Hope these come out.Had a go with the camera,to try and show the light pack.The blurred photo shows the location of the door handle led.The others show the roof ambient lights,the two red dots,along with the LEDs.The footwell lights and puddle lights are also shown.Regards, SIMON.


----------



## Simon H (Jun 22, 2008)

Try again.


----------



## Simon H (Jun 22, 2008)

Just one more of that lovely interior


----------



## Ikon66 (Sep 12, 2003)

not sure i have the roof console lights? i have the 2 round leds but don't seem to have any of those red ones  do the sidelights have to be on for them to be on? :?


----------



## Simon H (Jun 22, 2008)

Ikon66 said:


> not sure i have the roof console lights? i have the 2 round leds but don't seem to have any of those red ones  do the sidelights have to be on for them to be on? :?


Ikon,
Yes,the side lights need to be on for the roof leds to work.Sorry about the picture quality.Have you got the door handle LEDs?.Apart from the footwell lights,they are all very subtle.But,all come together nicely.I think this has to be one of the best options for the money.Regards, SIMON.


----------



## Ikon66 (Sep 12, 2003)

yes i have, just notice that they only come on when the side lights have been on also, love the footwell and puddle light also. got to agree for £120? it is a really nice touch


----------



## dimitt (Apr 21, 2004)

Ditto gents.

However, I thought (wrongly), the door handle lights would be on the outside not inside - rather like the BMW So when the lady tries to open the door after a few drinks her jewellery doesn't scratch the outside door handle too much

But as Ikon666 states, lovely little option to have in anycase.


----------



## chimp (Jan 27, 2003)

On my R32 I have the map reading lights as standard and are a red glow above the gear stick etc a real nice touch that I think first was on the A4 cab back in 2003.

Also does this pack on TT enable the "comming home lights setup" ie come back to car press remote fob to unlock and lights come on- leave car- lock and lights stay on for a set time (adjustable via DIS) or is that standard?


----------



## Ikon66 (Sep 12, 2003)

chimp said:


> On my R32 I have the map reading lights as standard and are a red glow above the gear stick etc a real nice touch that I think first was on the A4 cab back in 2003.
> 
> Also does this pack on TT enable the "comming home lights setup" ie come back to car press remote fob to unlock and lights come on- leave car- lock and lights stay on for a set time (adjustable via DIS) or is that standard?

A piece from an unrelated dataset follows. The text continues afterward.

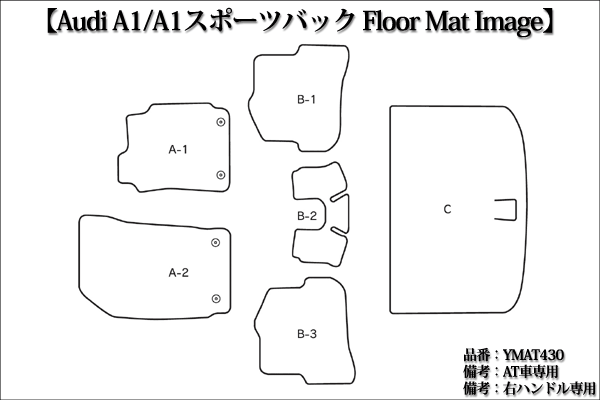 ᡼ޡA1/A1ݡĥХå YMAT430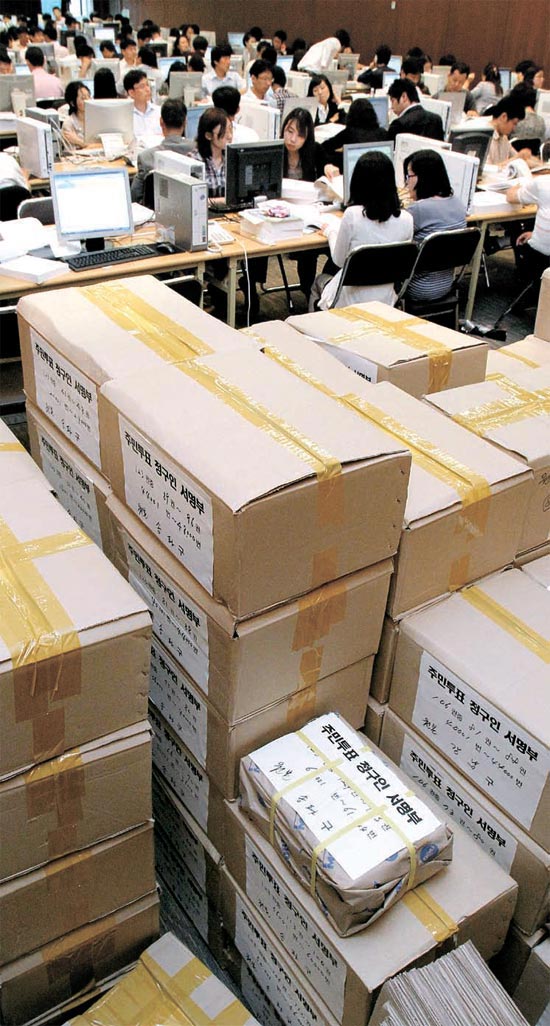 福祉ポピュリズム追放国民運動本部が提出した無償給食反対住民投票請求書８１万部の検証作業が２７日にソウル市庁で始まった。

think this is only available if you have the auto pack @ £450, but not 100%


----------



## marck (Oct 9, 2005)

Hi,

I have the interior lighting pack, but can not see the led's on the doors. Also, I cant see how to adjust the level in DIS. Is this on;y applicable to TTS?

Thanks
Marc.


----------



## Ikon66 (Sep 12, 2003)

marck said:


> Hi,
> 
> I have the interior lighting pack, but can not see the led's on the doors. Also, I cant see how to adjust the level in DIS. Is this on;y applicable to TTS?
> 
> ...


on mine, the TTS, if you get in close the door, put the side lights on and you should see a very small white led, not bright at all, above the door opener. You have to look under and up to see it :?


----------



## Ikon66 (Sep 12, 2003)

Ikon66 said:


> not sure i have the roof console lights? i have the 2 round leds but don't seem to have any of those red ones  do the sidelights have to be on for them to be on? :?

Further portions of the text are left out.